The case of the Catholic Archbishop of Hobart, Julian Porteous, who was brought to the Tasmanian anti-discrimination commission simply because he authorised the distribution of a booklet outlining the Church’s position on traditional marriage, made it clear some action to protect people of faith in this country was needed. However, while the promise to protect religious freedom was probably made with the best of intentions, it was always doomed to fail.

Augusto Zimmermann noted in The Australian the Bill would not solve all or even most of the problems with religious freedom in Australia. He said that the proposed legislation could be construed in such a way as to allow still the states to take action against religious leaders over the public dissemination of doctrine that leaves people feeling offended.

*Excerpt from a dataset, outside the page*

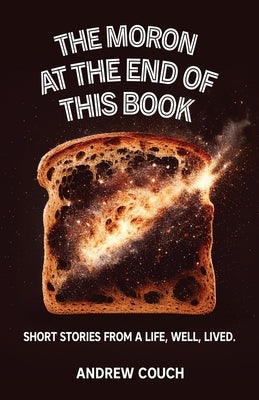 The Moron at the End of This Book Paperback Books to Hook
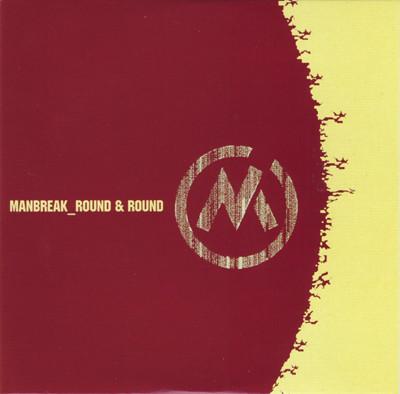 Manbreak - Round & Round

In a Parliamentary Submission in December 2021 for the Bill, Morgan Begg from the Institute of Public Affairs pointed out that, by requiring courts to make adjudications on the “doctrines, tenets, beliefs or teachings” of any religion, the Bill stood to weaken further the role of faith and religion in our society.

As Begg stated:

“Requiring secular courts to make assessments about religious beliefs represents a reversal of the separation of church and state, and this would confer on the courts the inappropriate role of defining religion and determining which religious practices or beliefs are legitimate. This is an inevitable consequence of the secular law intruding into the religious sphere.

“This is a dangerous threshold to cross. Once the courts are involved in making decisions about the legitimacy of religious beliefs, there is no limit to how far the secular state can mandate religious affairs.”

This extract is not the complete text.